• STORED DATA
+--

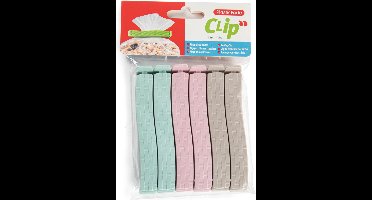 6x Gekleurde keuken afsluitclips / vershoudclips 11 cm - Keukenbenodigdheden voedsel afsluiten klemmen/clips - Vershoudklemmen / vershoudclips / vershoudknijpers
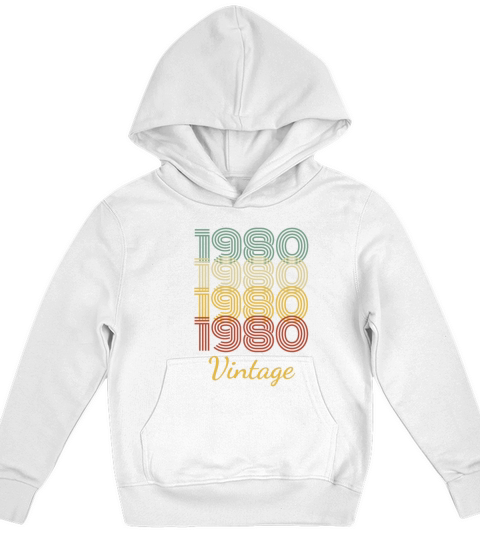 Vintage Birthday Gift Born In 1980 Slogan Kids Hoodie
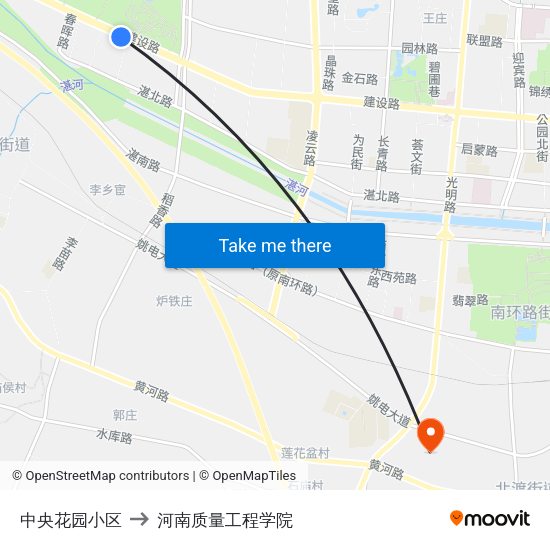 中央花园小区 to 河南质量工程学院 map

+--

• ACTION ITEM
Would you set down, word for word, the lines running from the one that contains "Vintage Birthday Gift" to the last line of the material, omitting all pictures?

• THE COMPLETED TASK
 Vintage Birthday Gift Born In 1980 Slogan Kids Hoodie
 中央花园小区 to 河南质量工程学院 map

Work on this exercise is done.